Jusqu’au 5 juin, quelque 100 000 visiteurs tout aussi enthousiastes sont attendus au pied des Alpes, entre Uri et le Tessin, pour l’inauguration du plus long tunnel ferroviaire du monde. Les habitants qui vivent sur la montagne, eux, observent les préparatifs de la fête avec un pincement au cœur. La nouvelle voie rapide détournera une partie des visiteurs qui passaient jusqu’ici par les cols, serpentant entre l'Oberland uranais et la Léventine, au Tessin.

GOTHARD: Les dates clés

  1. Ouverture du tunnel de faîte du Saint-Gothard

  2. Premiers projets d’un tunnel de base entre Amsteg et Bodio

  3. La commission «Tunnel ferroviaire à travers les Alpes» examine des variantes

  4. Le Conseil fédéral opte pour la variante réseau: des tunnels de base pour le Lötschberg et le Saint-Gothard/Ceneri

  5. Le peuple accepte le projet «Nouvelle ligne ferroviaire à travers les Alpes» (NLFA)

  6. Le tracé du tunnel de base du Saint-Gothard (TBG) est défini

  7. Premiers préparatifs à Sedrun

  8. Le peuple accepte la redevance sur le trafic des poids lourds liée aux prestations (RPLP) et le projet de modernisation du rail (FTP)

  9. Début du percement principal du TBG

  10. Le premier tunnelier entre en action dans le TBG

  11. Ouverture du tunnel de base du Lötschberg

  12. Jonction principale dans le TBG

  13. Ouverture du TBG

  14. Ouverture prévue du tunnel de base du Ceneri

A Erstfeld, le temps est figé

Dans cette région déjà affaiblie économiquement, le tourisme périclite, l'exode démographique menace de s'accélérer.

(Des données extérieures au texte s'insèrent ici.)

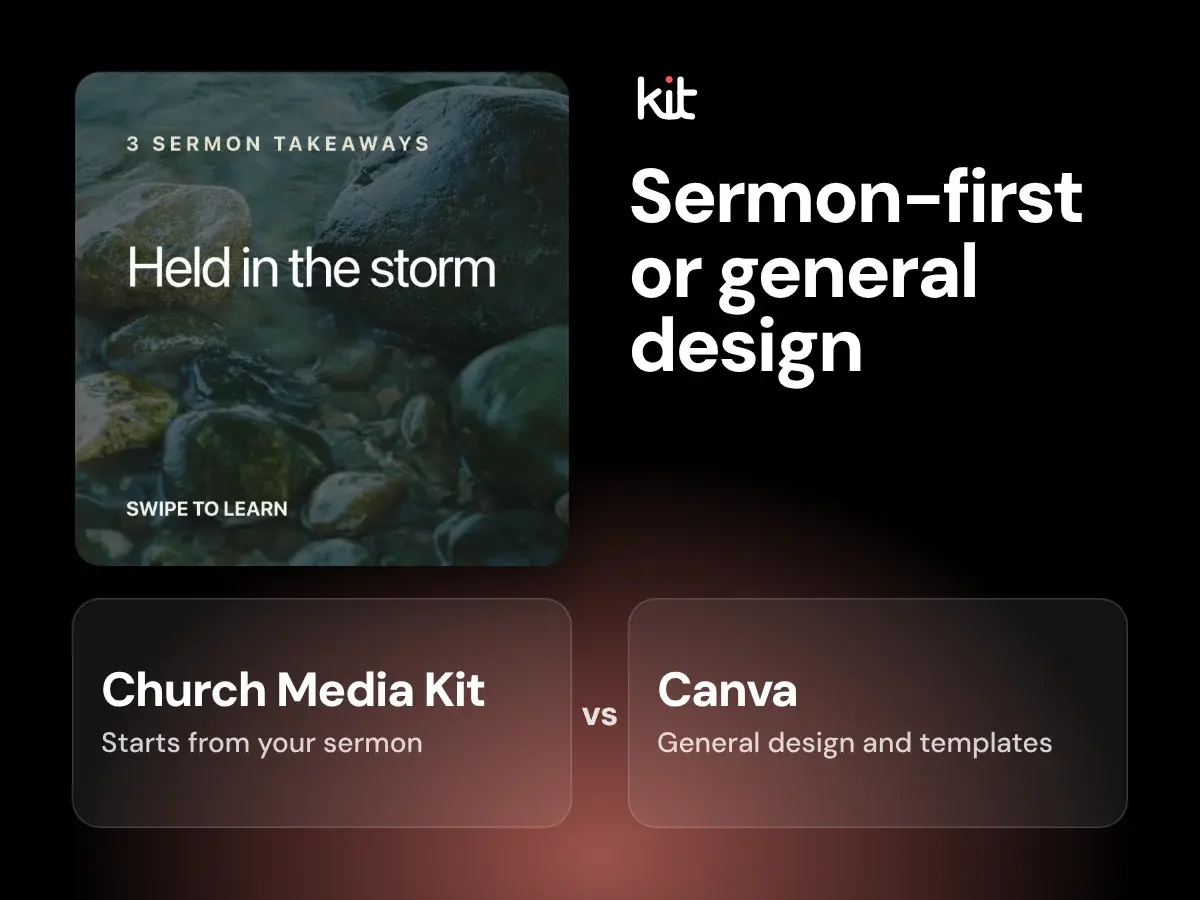 Church Media Kit and Canva named side by side, with a sample sermon teaching cover: starts from your sermon, and general design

Les motards prennent déjà d'assaut le col qui vient de s'ouvrir, en cette fin de mai ensoleillée. Pressés de conquérir les virages à perte de vue, c’est à peine s’ils s’arrêtent pour avaler une saucisse grillée sur la route qui serpente entre Erstfeld et Biasca. Les vallées sortent de la torpeur de l'hiver. Les clients se font rares, dans les vieux hôtels aux moquettes usées. Le temps semble s'être figé comme la neige qui ne fond jamais, à l'ombre des blocs de granit.

Paul Jans est un enfant de la région. Il a grandi à Erstfeld et en fut président, de 1998 à 2009. Au moment de prendre sa retraite, il a vendu son hôtel, Frohsinn, à des Chinois. Il se souvient de l’instant où il inscrivait son nom au bas du document autorisant la construction de la galerie du Gothard, aux côtés de la signature du conseiller fédéral d’alors, Moritz Leuenberger. «Si Uri n’avait pas joué le jeu, non seulement la Suisse, mais toute l’Europe aurait eu un problème.» A ses yeux, le tunnel ne relie pas seulement deux points de chaque côté d’un massif : «Il crée un un pont entre les langues et les cultures», dit-il.

Erstfeld est au cœur de l'histoire de ce nouveau passage sous les Alpes, mais elle redoute de rester sur le bas-côté pour les années à venir. Le destin de la petite commune est intrinsèquement lié au rail. Les travaux du premier tunnel ferroviaire, à la fin du XIXe siècle, ont fait d’elle un poste charnière, on l’a surnommée «le village du rail». C’est là que les CFF créent leur gare de triage. L’arrivée des cheminots amène la vie au pied du massif. On construit des écoles, des églises, des restaurants.

Au début des années 1980, le village comptait près de 5000 habitants. Le premier choc a eu lieu en 1992. Les CFF restructurent, les ateliers de réparation sont transférés. «Nous avons perdu 450 places de travail», se souvient Paul Jans. Restent aujourd’hui les vestiges d’un âge d’or: le dépôt à locomotives, où les fous du train du monde entier viennent admirer les anciennes machines qui traversaient les montagnes à toute vapeur.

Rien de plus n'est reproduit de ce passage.